• The input
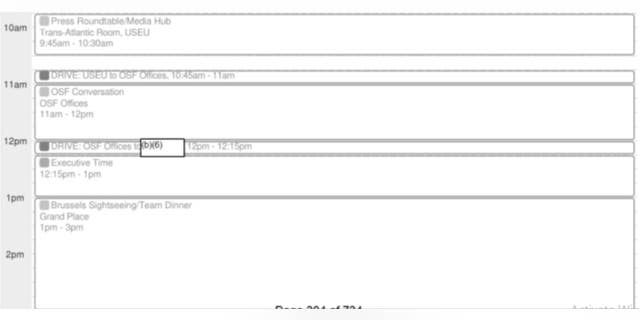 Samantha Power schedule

==

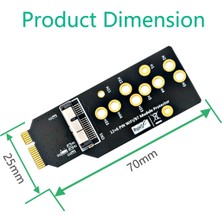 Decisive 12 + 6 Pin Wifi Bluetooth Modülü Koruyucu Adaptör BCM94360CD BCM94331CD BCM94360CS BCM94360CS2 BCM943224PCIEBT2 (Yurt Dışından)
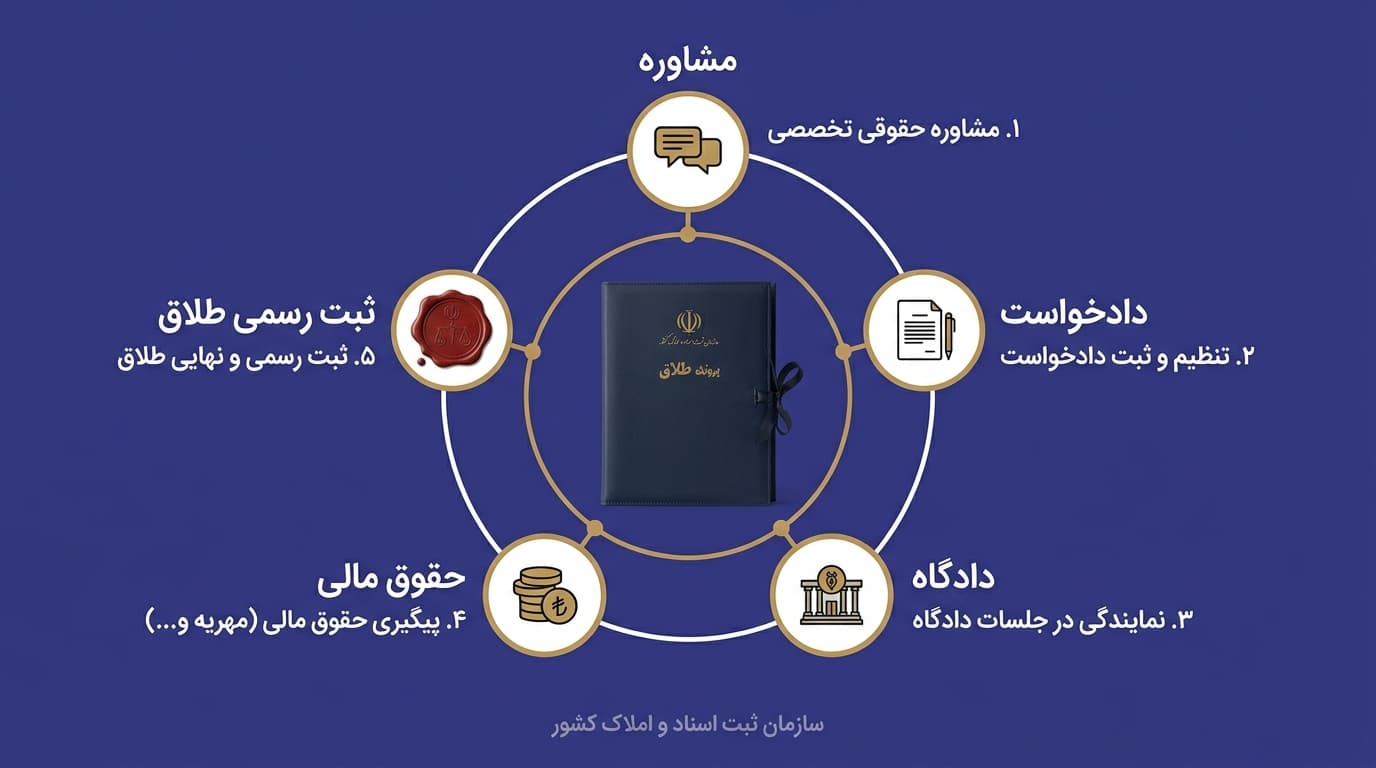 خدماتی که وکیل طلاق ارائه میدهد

• What to produce
Reproduce the records above exactly, but only from the line with "Decisive 12 +" up to and including the line with "خدماتی که وکیل طلاق ارائه میدهد". Leave the pictures out.

• Answer to this task
 Decisive 12 + 6 Pin Wifi Bluetooth Modülü Koruyucu Adaptör BCM94360CD BCM94331CD BCM94360CS BCM94360CS2 BCM943224PCIEBT2 (Yurt Dışından)
 خدماتی که وکیل طلاق ارائه میدهد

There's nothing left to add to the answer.